Inline assembly dec/brne loop question

I'm very new to this, I don't really know the ARM assembly and don't usually do inline assembly.
I want to make a tiny (code wise) delay loop that waits N cycles.
Does this syntax look right?

// %= is a compiler macro that inserts the line number for jump labels
// __tmp_reg__ is a compiler provided scratch register
// brne takes 2 cycles except for last iter.
// I don't get why I need to use \n\t, instead of a cleaner semicolon ";"
asm volatile (
		"ldi __tmp_reg__, %[loop] \n\t"
	"H_%=: \n\t"
		"dec __tmp_reg__ \n\t"
		"brne H_%= \n\t"
	:
	:
		[loop]		"I" ((cycles+2)/3)
);

FYI, I plan to code my own WS2812B LED driver library...

I can't get it to compile. I get a complaint that a register number above 15 is required. I think that refers to the LDI instruction, which is applicable to registers r16 through r31 only. When I changed the register to r16, it compiled.

How did you get it to compile?

I can't see what kind of object cycles is. if it's a variable, I don't see how an LDI instruction can be generated. The value to be loaded is hard-coded into an LDI instruction, so that value has to be unambiguous at compile time. If cycles is a constant, or you're using it as a placeholder for a constant that you'll add later, it might work. I didn't test it further.

[Edit: add this] I tested this on an Uno, but I see that you reference an ARM. Which platform are you developing it for?

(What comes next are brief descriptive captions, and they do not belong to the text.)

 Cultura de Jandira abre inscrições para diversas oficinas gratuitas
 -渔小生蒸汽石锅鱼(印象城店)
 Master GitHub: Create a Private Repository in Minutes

If you are looking to learn more about the assembler, stay on your path. for the length of delay you need for the 2812s, you might consider just a string of nops. if you want to get fancy and make it a function, add entry point labels along the way and end it with a ret. but really, by the time you make a call and a ret, your delay is off. inline nops is the way to go for you IMO.

tmd3:

Indeed, I did not get it to compile, and I was not 100% sure the syntax is correct, like I said this is all new hence me coming here for advice.

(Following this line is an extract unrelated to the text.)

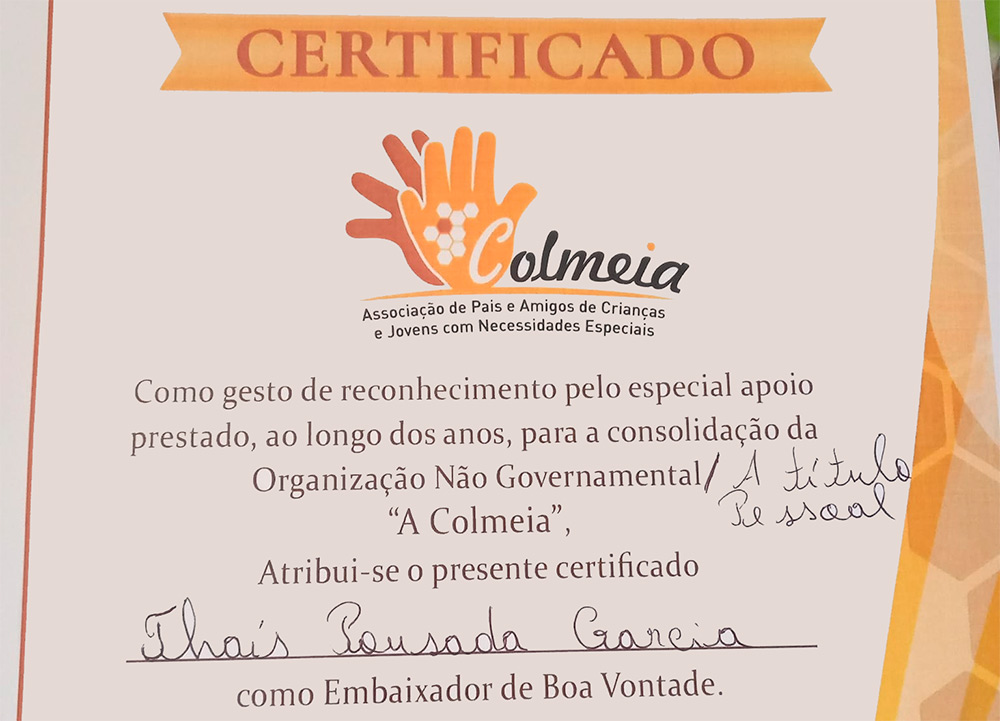 CaboVerde_Talionis04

Why would the compiler not provide a default register that can be used for a load immediate? That sounds silly. So I have to pick a register and declare it as used?

FYI, cycles is generated from #define constants (I was going to pass it as parameter of a macro that hides this ASM loop hence why it is a lower case variable). However if I read right, immediate must fit on 6 bits, and I'm not sure I have enough of 6 bits for ALL frequencies to support. It's OK for 8MHz and 16MHz. Looks like I can't support 1MHz per the specs.

I am coding for Arduino (uno, nano, tiny), which I thought was an ARM M3 or similar. No?

kvwilson:

I'd like to make the library work for any CPU frequency hence wanting to use a spin loop. The loop takes 3 cycles. For 16MHz I believe I need 8 cycles, so 3 iterations. However for higher frequency CPUs I'd need more
cycles, in case I get a fancier 32MHz or 66MHz controller.

Most LED libraries are ugly because they ifdef a million options. I want to keep this one using minimum FLASH and RAM memory to leave the space for other stuff.

By the way...

  • I want to support encoding LED colors on 1, 2 or 3 or 4 bytes, with some color palette capability for 1B pixels.
  • I want the library to be resilient to interrupts, as well as avoiding masking interrupts for most of the work.
  • I want to support APA LEDs next, and a have the library simple enough others looking at it know how to
    add support for other LED controllers.
  • I hope to make a shim class that will allow me to drop in my library in lieu of adafruit's library.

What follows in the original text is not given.